Don’t get me wrong.  I’d be that guy burying my face in a towel.  I don’t want my anguish broadcast on TBS and around the world.  To me, painful emotions are private, intimate things.  But why?

Many people (especially men) have been raised to view showing sad emotions as a sign of weakness and a cause for embarrassment.  If you’ve sneakily brushed away tears after a sappy commercial, you may know what I’m talking about.  And I can’t tell you the number of people I see at a funeral, doing all they can to clamp down on those pesky feelings.

I wonder.  What would it take for you or I to come out of hiding and let our tears be a public statement of grief?  It would have to be for a very good reason, even more significant than losing a basketball game.

Well…it is Holy Week.  Kind of the epicenter of anguish for the Christian year.  What if we allowed ourselves to truly experience the depths of Holy Thursday or Good Friday?  What if we opened ourselves up to the brokenness of the world and the suffering of our savior?  Could we let it move us to tears?

All of our personal turning away from God.  All the pain of betrayal and denial and crucifixion and death and darkness.  Talk about a loss!

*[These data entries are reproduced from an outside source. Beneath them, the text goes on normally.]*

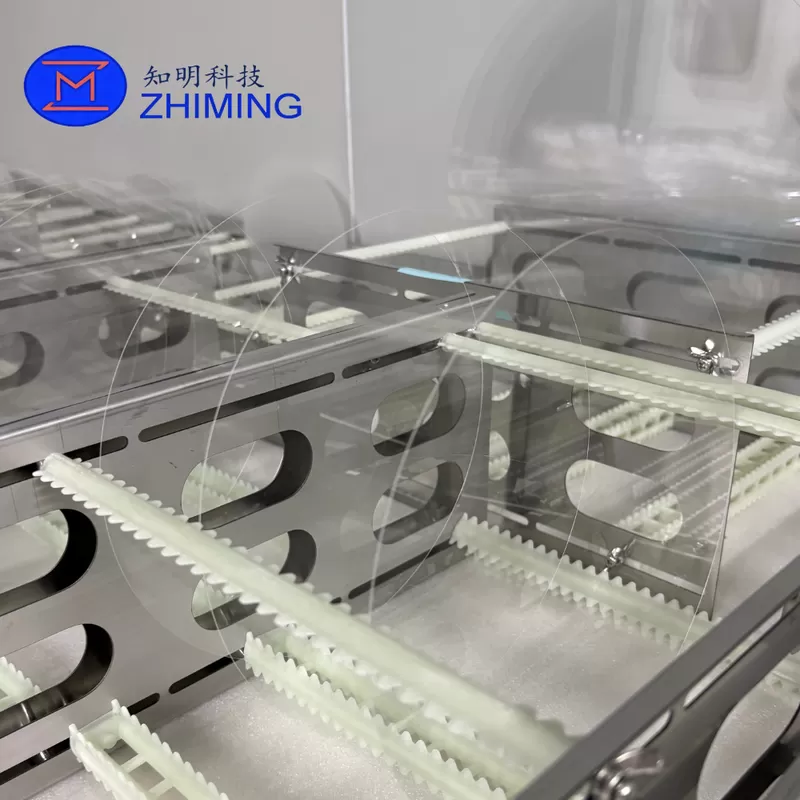 8–12인치 글래스 웨이퍼 기판 (Glass Wafer Substrates) – 반도체 및 첨단 패키징용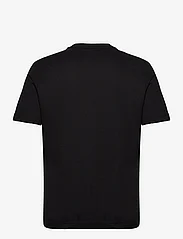 Calvin Klein - CUT THROUGH LOGO T-SHIRT - short-sleeved t-shirts - ck black - 1
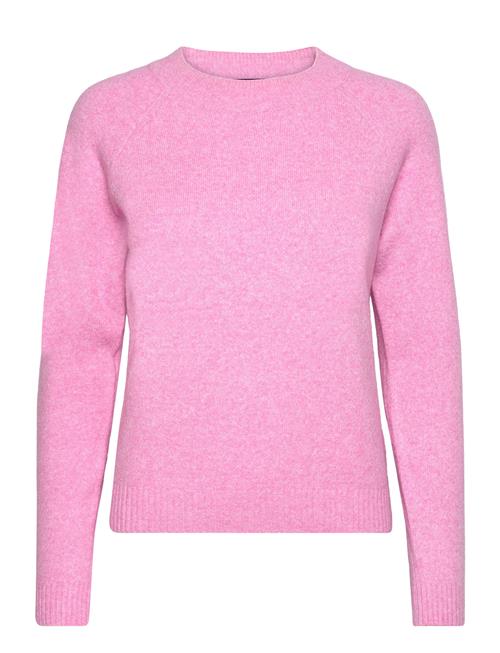 Vero Moda Vmdoffy Ls O-Neck Blouse Ga Noos Vero Moda Pink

This is no game–it’s the light of Christ snuffed out.  If there’s ever been a week for crying in public, isn’t this it?

Yes!  So here’s what you do.  You push your cart up and down the aisles of the grocery store, sniffing and blubbering. Every time someone asks you if you are alright, you say, “No.  Not this week,” and then tell them why.

Okay.  I’m dubious if any of us are going make that much of a scene, but I challenge you to feel something. If we can have our emotions stirred up by a basketball game, surely we can travel these last days of Lent, giving our whole hearts to Jesus.  There’s still time to discern, to reflect, and yes, to weep.  But know this…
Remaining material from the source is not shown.